Create account to get full access

Overview

This paper introduces DiaHalu, a new benchmark for evaluating the hallucination (generating false information) capabilities of large language models in a dialogue setting.
The authors argue that existing hallucination evaluation benchmarks are limited to single-turn or monologue-style interactions, which may not capture the full complexity of multi-turn dialogues.
DiaHalu aims to provide a more realistic and comprehensive assessment of language model hallucination by focusing on conversational contexts.

Plain English Explanation

The paper presents a new way to test how well large language models (like ChatGPT) can avoid hallucinating - that is, generating false or made-up information - during multi-turn conversations. Existing benchmarks for this only look at single responses or monologues, which doesn't fully capture the challenges of maintaining coherence and truthfulness over the course of a back-and-forth dialogue.

The DiaHalu benchmark aims to provide a more realistic and comprehensive assessment by focusing on conversational contexts. This allows researchers to better understand the hallucination tendencies of language models in more lifelike interactions, rather than just in isolated statements. The goal is to develop models that can engage in fluent and trustworthy dialogues, without making up facts or going off the rails.

Technical Explanation

The paper introduces the DiaHalu benchmark, which evaluates the hallucination capabilities of large language models in a dialogue setting.
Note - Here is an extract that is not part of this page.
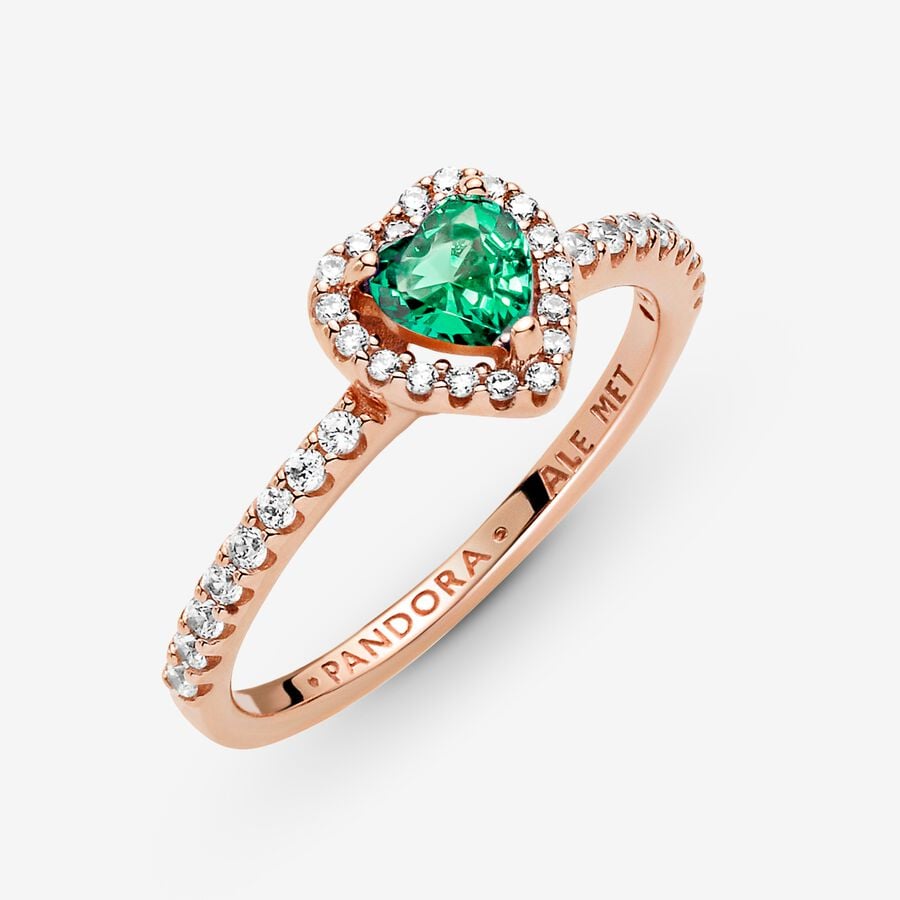 Anillo Pandora de corazón verde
Existing hallucination benchmarks like HaluEval and Hallucinations Leaderboard focus on single-turn or monologue-style interactions, which may not capture the full complexity of multi-turn dialogues.

The DiaHalu benchmark consists of a dataset of human-written dialogues, with annotations identifying hallucinated statements. Models are evaluated on their ability to generate responses that avoid hallucinations and maintain coherence over the course of the conversation. The authors also introduce a new hallucination detection model called KnowHalu that leverages multiple knowledge sources to identify hallucinations.
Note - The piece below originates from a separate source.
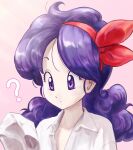  1girl ? bangs bow collared_shirt dragon_ball dragon_ball_(classic) hair_bow highres ishiyuki00 long_hair long_sleeves lunch_(dragon_ball) purple_eyes purple_hair red_bow shirt simple_background sleeves_past_fingers sleeves_past_wrists solo upper_body white_shirt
Experiments show that state-of-the-art language models still struggle to avoid hallucinations in dialogue, highlighting the need for further research and development in this area. The authors argue that Small Agent approaches that empower smaller, more focused models may be a promising direction for improving hallucination robustness.

Critical Analysis

The DiaHalu benchmark represents an important step forward in evaluating the hallucination capabilities of language models in a more realistic, conversational setting. By focusing on multi-turn dialogues, the authors have identified a critical limitation in existing benchmarks and proposed a more comprehensive assessment framework.

One potential limitation of the DiaHalu dataset is that the dialogues may not fully capture the breadth of real-world conversational contexts. The authors acknowledge this and suggest that further expansion and diversification of the dataset could improve its representativeness.

Additionally, the KnowHalu hallucination detection model, while showing promising results, may still have room for improvement. Exploring other approaches to hallucination detection, perhaps leveraging more advanced reasoning or commonsense understanding capabilities, could further enhance the reliability of the benchmark.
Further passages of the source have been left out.